In January, property values had been 0.1% higher than in January 2018 – which was the weakest annual growth in nearly six years, Nationwide Building Society said.
Across the UK, the average house price in February was £211,304 – a 0.1% month-on-month fall.
Robert Gardner, Nationwide’s chief economist, said: “After almost grinding to a complete halt in January, annual house price growth remained subdued in February, with prices just 0.4% higher than the same time last year.
“Indicators of housing market activity, such as the number of property transactions and the number of mortgages approved for house purchase, have remained broadly stable in recent months, but survey data suggests that sentiment has softened.

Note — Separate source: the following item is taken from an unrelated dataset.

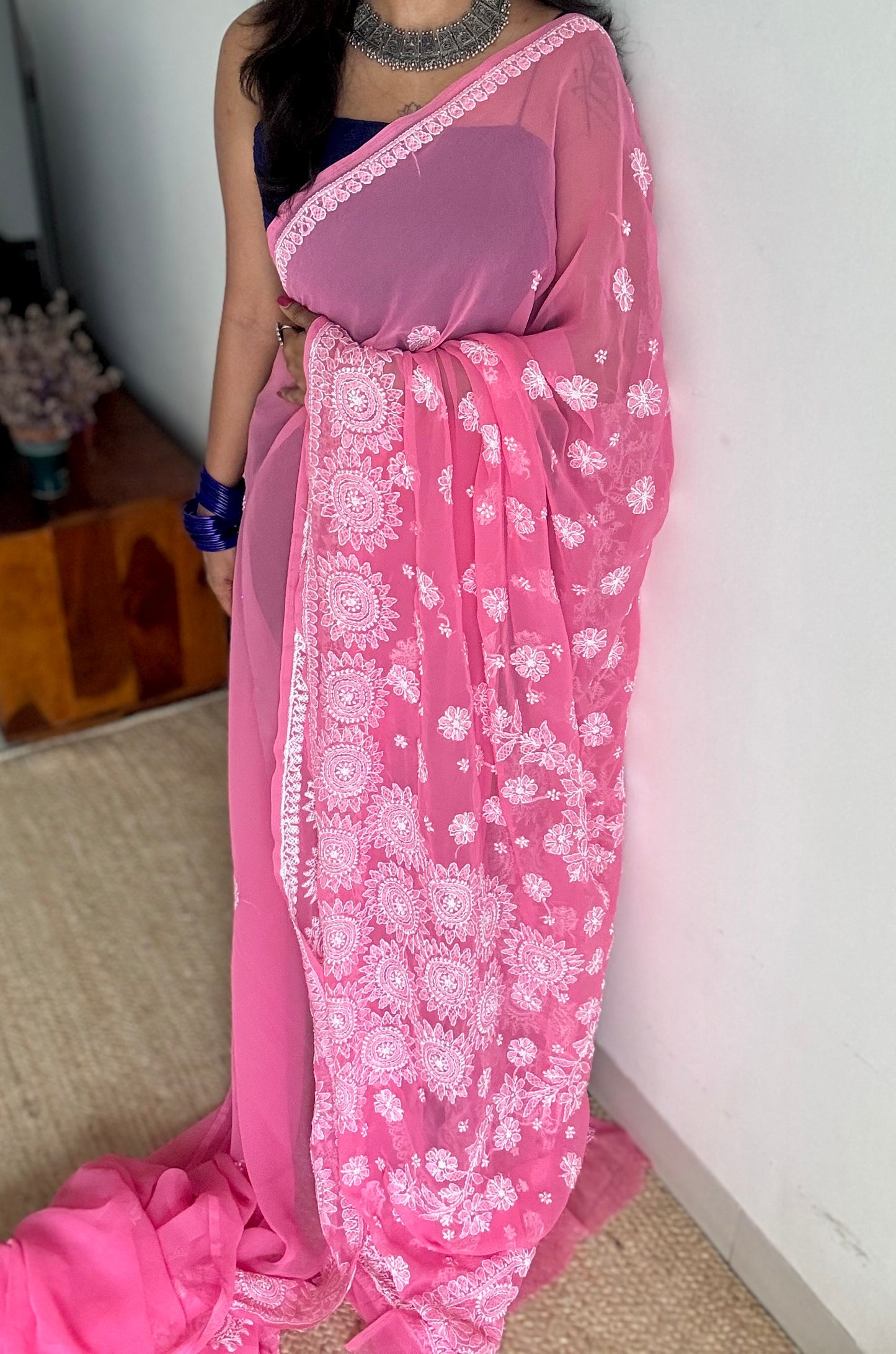 Baadal Gulabi (pink clouds) - Pink Chikankari, georgette YCSLCJULCK05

“Measures of consumer confidence weakened around the turn of the year and surveyors reported a further fall in new buyer inquiries over the same period.
“While the number of properties coming onto the market also slowed, this doesn’t appear to have been enough to prevent a modest shift in the balance of demand and supply in favour of buyers in recent months.”

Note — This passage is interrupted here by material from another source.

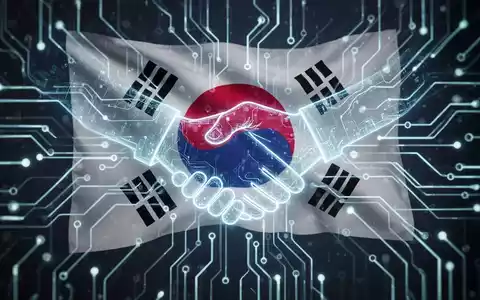 Eine stilisierte Darstellung eines neuralen Netzwerks, das mit der südkoreanischen Flagge und einem digitalen Handschlag-Symbol verschmilzt. - Foto: über boerse-global.de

Mr Gardner also said a supportive labour market and some recent tax changes have improved the bargaining power of people buying a home to live in relative to investors.

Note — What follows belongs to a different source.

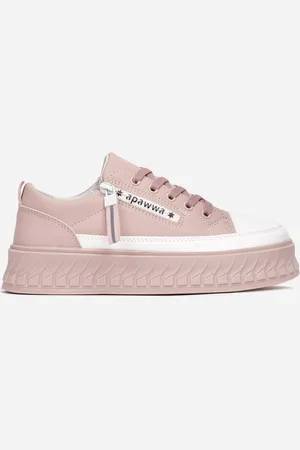 Renee Różowe Buty Sportowe Sneakersy na Żłobionej Platformie ze Skórzaną Wkładką Oilitana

Tax changes which have affected landlords include a stamp duty hike for people buying second homes.
Meanwhile, first-time buyers have been helped by schemes such as Help to Buy, Mr Gardner said.
Howard Archer, chief economic adviser at EY ITEM Club, said February’s figures show “another weak performance” for house prices.
He said: “If Brexit is delayed for a few months, ongoing uncertainty is likely to weigh down on the housing market and could well see house prices stagnate over the year or even fall slightly.”
Samuel Tombs, chief UK economist at Pantheon Macroeconomics, said: “We still expect the official measure of house prices to rise by 1.5% over the course of 2019, though most of that increase likely will be concentrated in the second half of this year.”
Jeremy Leaf, a north London estate agent and former residential chairman of the Royal Institution of Chartered Surveyors (RICS), said: “The 2019 housing market clearly hasn’t quite taken off in the way many hoped or expected.”
Mark Harris, chief executive of mortgage broker SPF Private Clients, said: “The spring-like weather has not quite filtered through to the housing market with price growth remaining subdued.
“Uncertainty over Brexit continues to have an impact and is likely to for the next few weeks at least.”
Mr Harris said several mortgage lenders continue to trim loan rates in an effort to encourage more business “while innovative tweaks here and there are increasing as an alternative to offering the cheapest rate in the market”.